__What is being asked__:
With images removed, return the whole listing exactly as written.

__Data shown__:

════════════════════

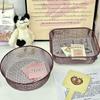 Rust-proof Metal Sundries Organizer INS Mesh Wire Counter Tray Desktop Iron Basket  Farmhouse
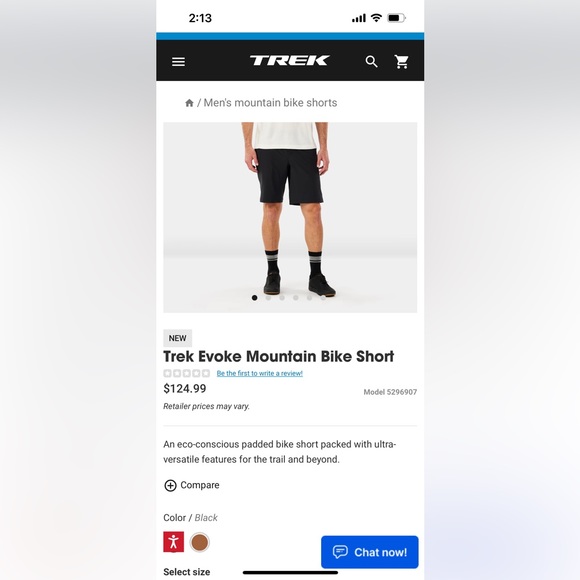 Trek Evoke Mountain Bike Shorts - Picture 7 of 7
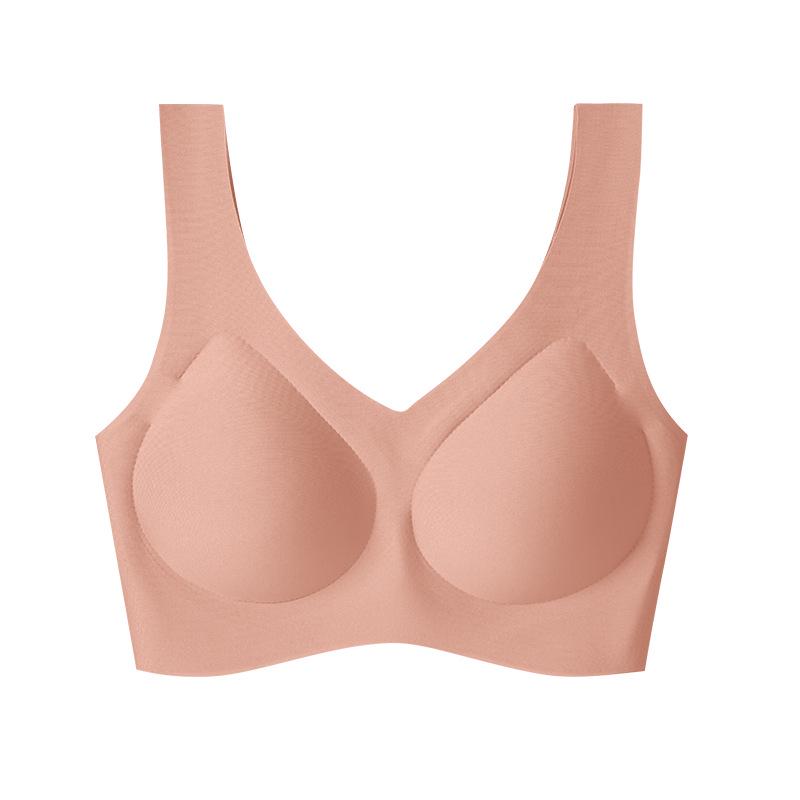 Seamless Thin Sports Bra - Anti-Sag, No Underwire, Beautiful Back Design for Young Girls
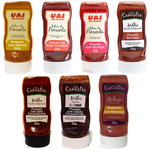 Kit com 3 Unid. de Geléia de Pimenta Uai - Sabores Alho, Cebola e Maracujá com Mostarda - Reserva da Canastra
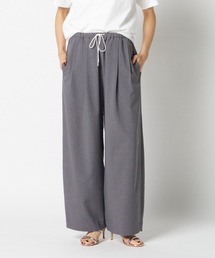 BARREL LEG TUCK PANTS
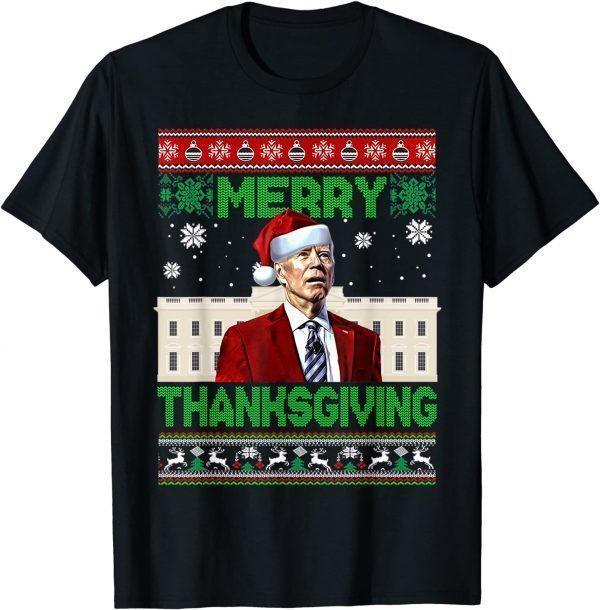T-Shirt Joe Biden Merry Thanksgiving Uglys Christmas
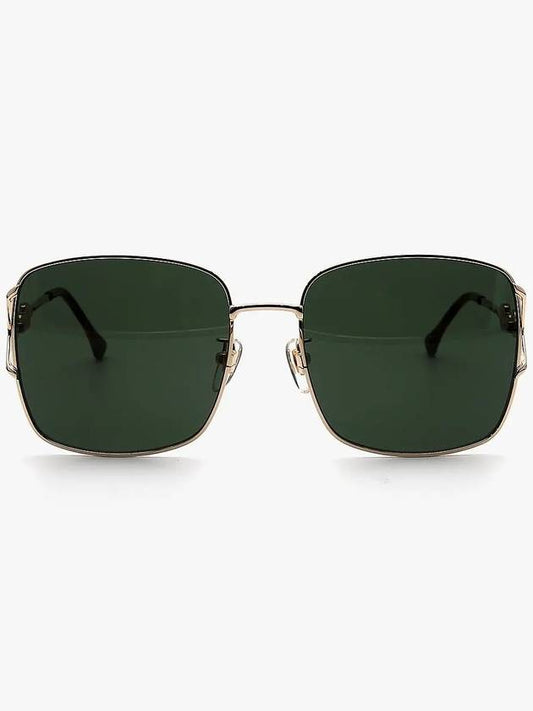 Luxury Gucci Trending 2025 Eyewear Square Metal Sunglasses Gold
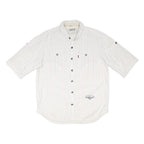 LEVI'S Womens White & Pink Stripe Casual Shirt L Cotton Blend Button Pocket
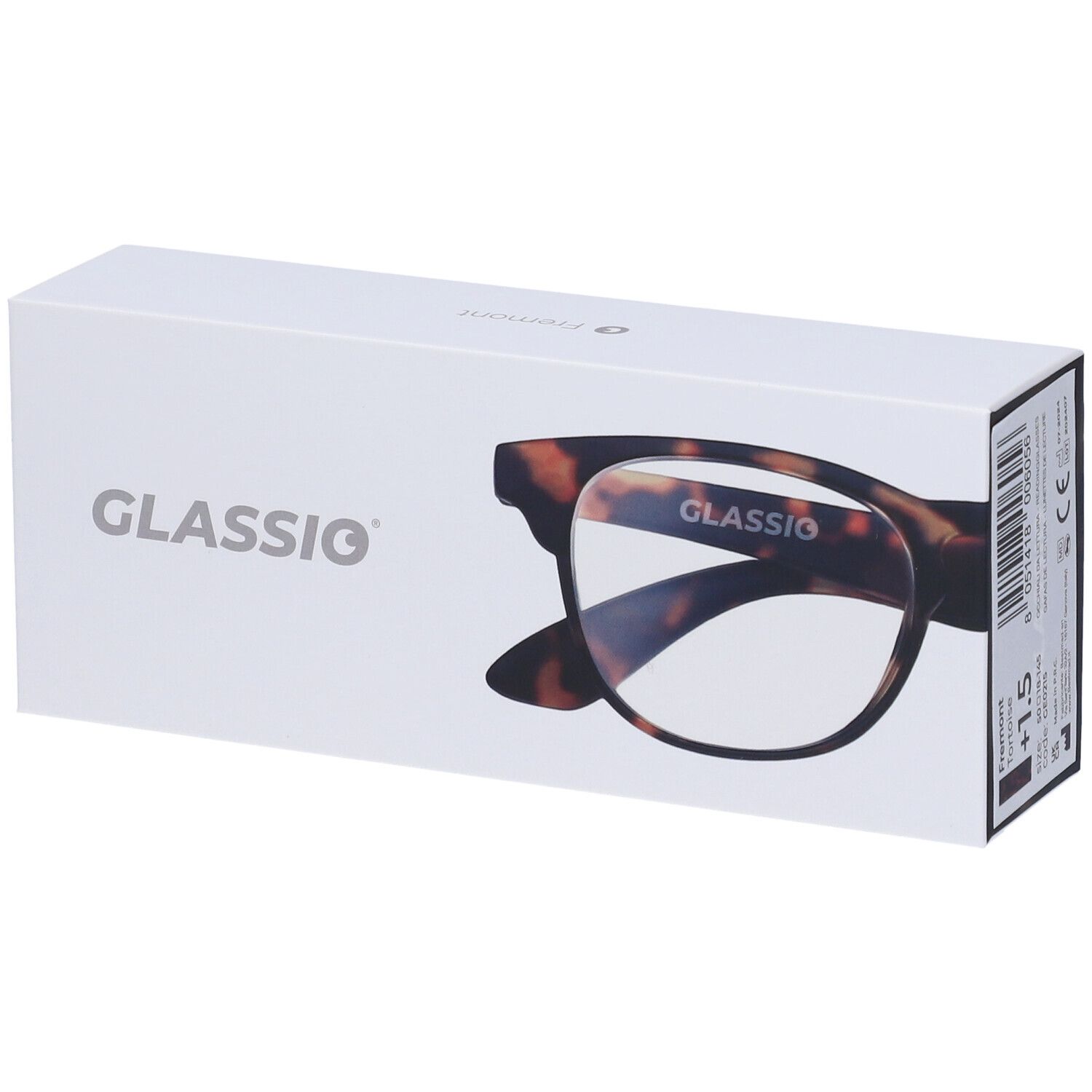 Occhiali da Lettura Glassio Fremont Colore Tortoise Gradazione +1,5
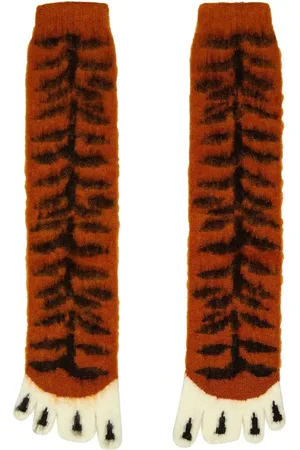 DOUBLET Chaussettes à imprimé graphique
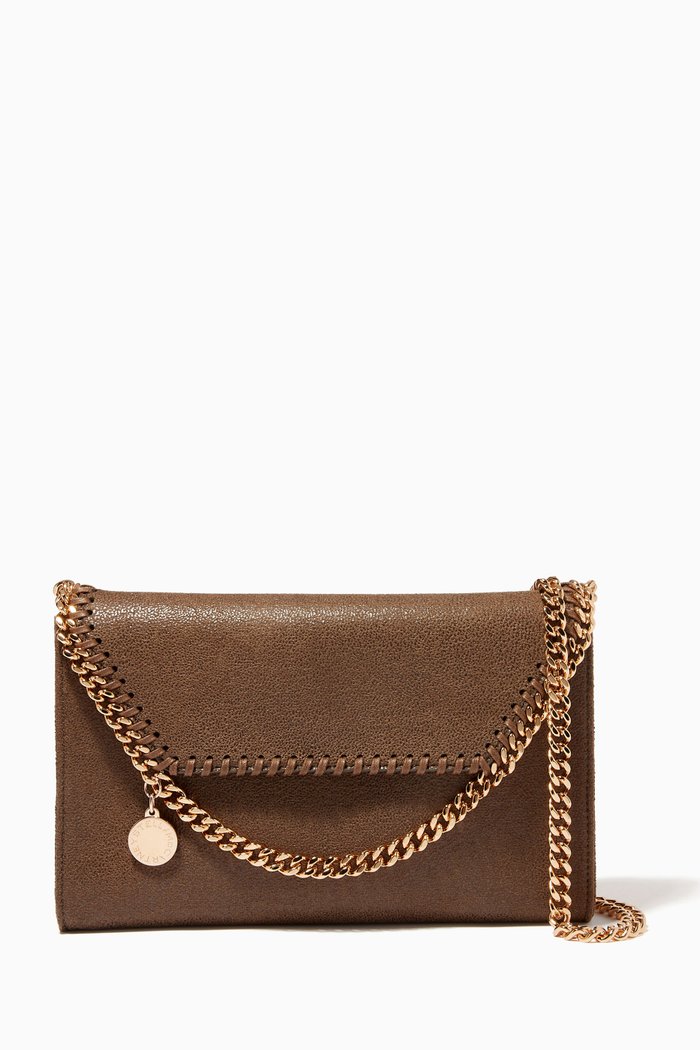

Mini Falabella Crossbody Bag in Shaggy Deer, Green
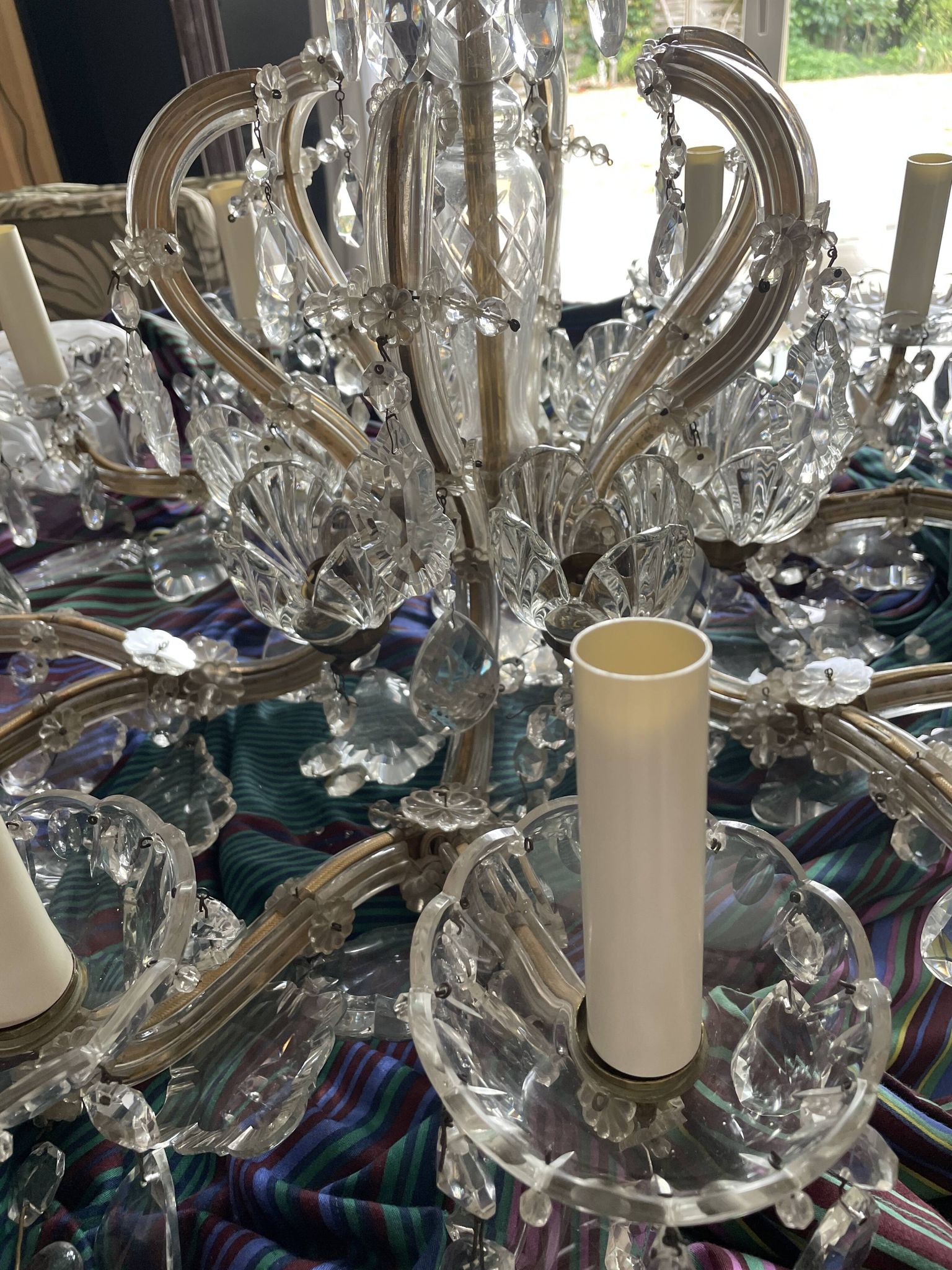 Lustre ancien cristal fabrication française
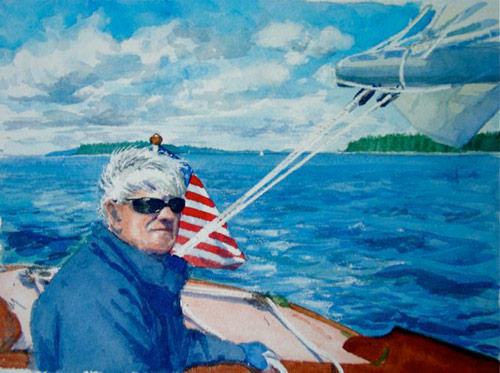 penobscot bay sailing portrait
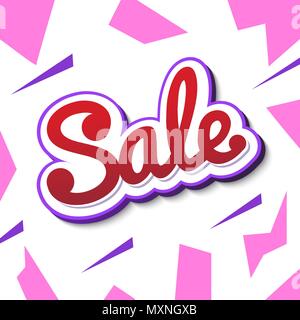 Eine Farbe Banner für Werbung Vertrieb. Helle shards auf einem weißen Stock Vektor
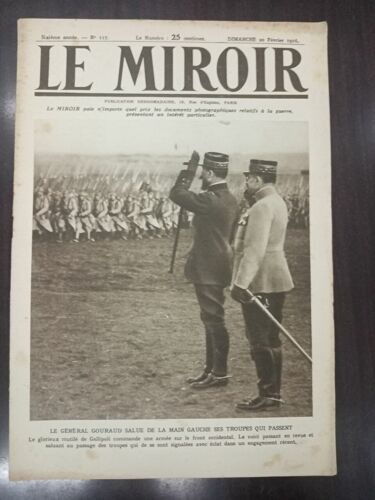 Journal Le Miroir N° 117 - 1916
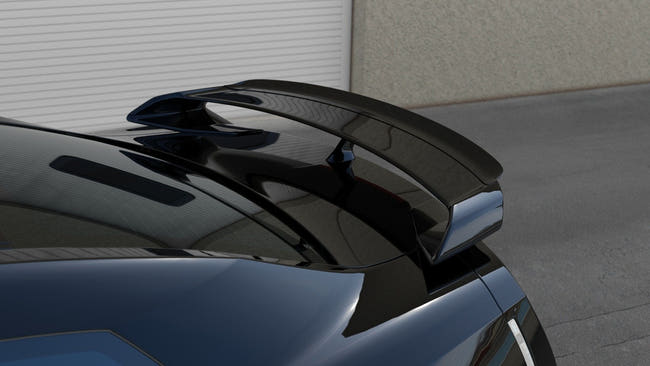 Maxton spoiler til Nissan GT-R Coupe (R35-SERIES) – blank sort – billede 1 af 6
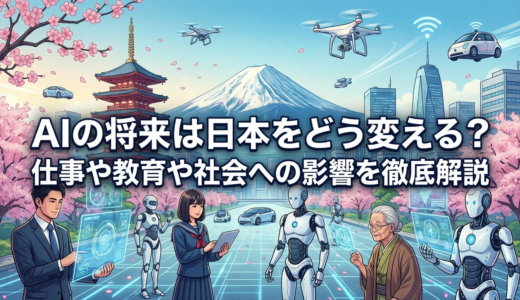 AIの将来は日本をどう変える？仕事や教育や社会への影響を徹底解説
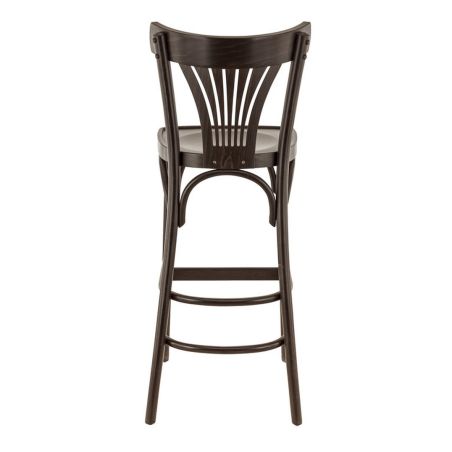 Tabouret de bar PALMA BST H75 d'intérieur - Bois brun foncé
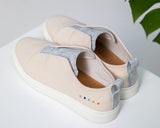 Recycled Canvas Slip-On in SLATE GREY (For Him & Her) - KIBO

════════════════════

__Answer to the problem__:
 Rust-proof Metal Sundries Organizer INS Mesh Wire Counter Tray Desktop Iron Basket  Farmhouse
 Trek Evoke Mountain Bike Shorts - Picture 7 of 7
 Seamless Thin Sports Bra - Anti-Sag, No Underwire, Beautiful Back Design for Young Girls
 Kit com 3 Unid. de Geléia de Pimenta Uai - Sabores Alho, Cebola e Maracujá com Mostarda - Reserva da Canastra
 BARREL LEG TUCK PANTS
T-Shirt Joe Biden Merry Thanksgiving Uglys Christmas
 Luxury Gucci Trending 2025 Eyewear Square Metal Sunglasses Gold
 LEVI'S Womens White & Pink Stripe Casual Shirt L Cotton Blend Button Pocket
 Occhiali da Lettura Glassio Fremont Colore Tortoise Gradazione +1,5
 DOUBLET Chaussettes à imprimé graphique

Mini Falabella Crossbody Bag in Shaggy Deer, Green
 Lustre ancien cristal fabrication française
 penobscot bay sailing portrait
 Eine Farbe Banner für Werbung Vertrieb. Helle shards auf einem weißen Stock Vektor
 Journal Le Miroir N° 117 - 1916
 Maxton spoiler til Nissan GT-R Coupe (R35-SERIES) – blank sort – billede 1 af 6
 AIの将来は日本をどう変える？仕事や教育や社会への影響を徹底解説
 Tabouret de bar PALMA BST H75 d'intérieur - Bois brun foncé
 Recycled Canvas Slip-On in SLATE GREY (For Him & Her) - KIBO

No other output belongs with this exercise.